There is a hard core of people on here posting stuff about interest rates all the time to try to convince everyone else that rates here will go up and a house price crash will follow.

They could not be more wrong and I hope people here do not base their decisions on this biased and delusional view of the world. The western economies face ever increasing competition both from each other and from Asia. We are in for a long period of low interest rates which will be used to try to stimulate consumer demand. No government cares how much people borrow against the equity in their house as long as the economy stutters on and gets them re-elected.

The effect of this will be ongoing house price inflation.

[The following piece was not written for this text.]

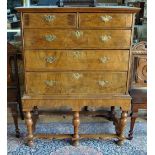 A William & Mary feather-banded walnut chest of two short over three long drawers,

Not like that which has been seen in recent years, but you can dismiss any idea of a crash.

with 1 in 20 Americans Upside down and drowning in a cesspoll of Negative Equity, you would think those geniuses would stop spending ?http://moneycentral.msn.com/content/Banking/Homefinancing/P148861.asp ? but with gold at 620$ and Oil 72$ and copper/silver prices frankly headed for the MOOOOOON do you want to cause the collapse of the dollar ? do you really ? choose:

a) rate cut. = prices get out of control the deficit gets wider dollar tanks. chinese get pissed off and sell. houseing plateus

B) do nothing

c) raise rates = induce recession, devalue dollar. get commodity prices under control. but importantly keep reserve currency status.

the printing press for the worlds reserve currency is THE most valuble thing in the world bar nothing. do not underestimate the lengths they will go to to keep it.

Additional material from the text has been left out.